— Exercise input —
* * * * * * *

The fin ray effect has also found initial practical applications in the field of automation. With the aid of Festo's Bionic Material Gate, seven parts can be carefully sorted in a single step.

* * * * * * *

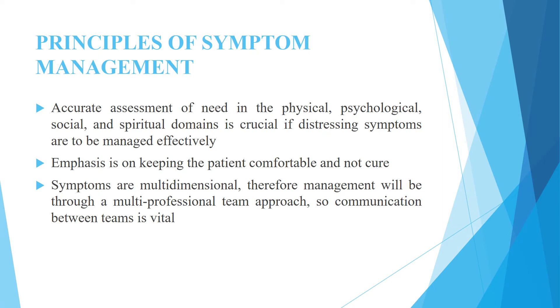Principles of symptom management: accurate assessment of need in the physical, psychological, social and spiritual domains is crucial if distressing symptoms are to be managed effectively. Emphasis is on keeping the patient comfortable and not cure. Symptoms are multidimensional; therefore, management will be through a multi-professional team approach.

* * * * * * *

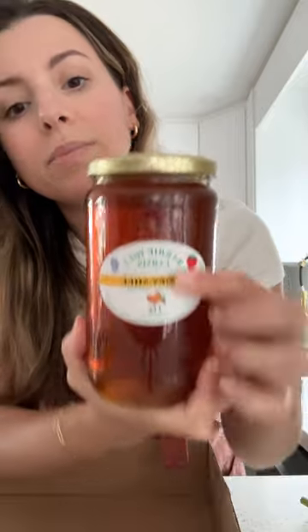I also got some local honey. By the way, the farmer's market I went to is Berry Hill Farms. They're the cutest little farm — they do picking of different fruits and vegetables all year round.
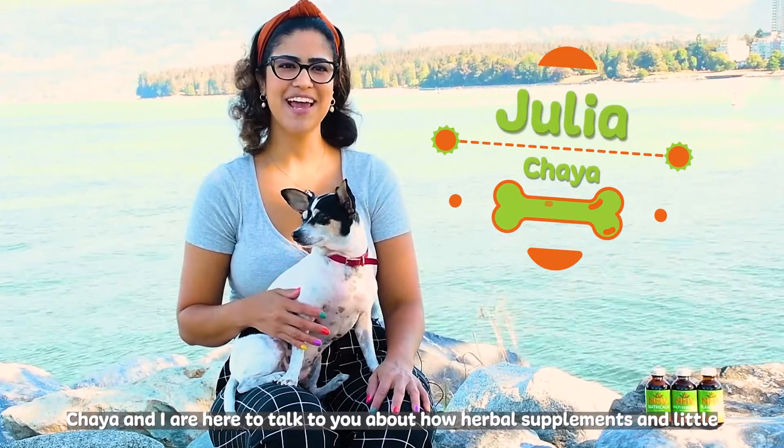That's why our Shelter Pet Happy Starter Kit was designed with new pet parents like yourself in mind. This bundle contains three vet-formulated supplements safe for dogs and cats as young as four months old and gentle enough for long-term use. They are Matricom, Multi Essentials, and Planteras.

* * * * * * *

— Your objective —
Each line from the one that contains "I also got some" down to the one that contains "That's why our" is to be returned exactly as it stands above, both ends included, with pictures removed.

— Reply —
I also got some local honey. By the way, the farmer's market I went to is Berry Hill Farms. They're the cutest little farm — they do picking of different fruits and vegetables all year round.
That's why our Shelter Pet Happy Starter Kit was designed with new pet parents like yourself in mind. This bundle contains three vet-formulated supplements safe for dogs and cats as young as four months old and gentle enough for long-term use. They are Matricom, Multi Essentials, and Planteras.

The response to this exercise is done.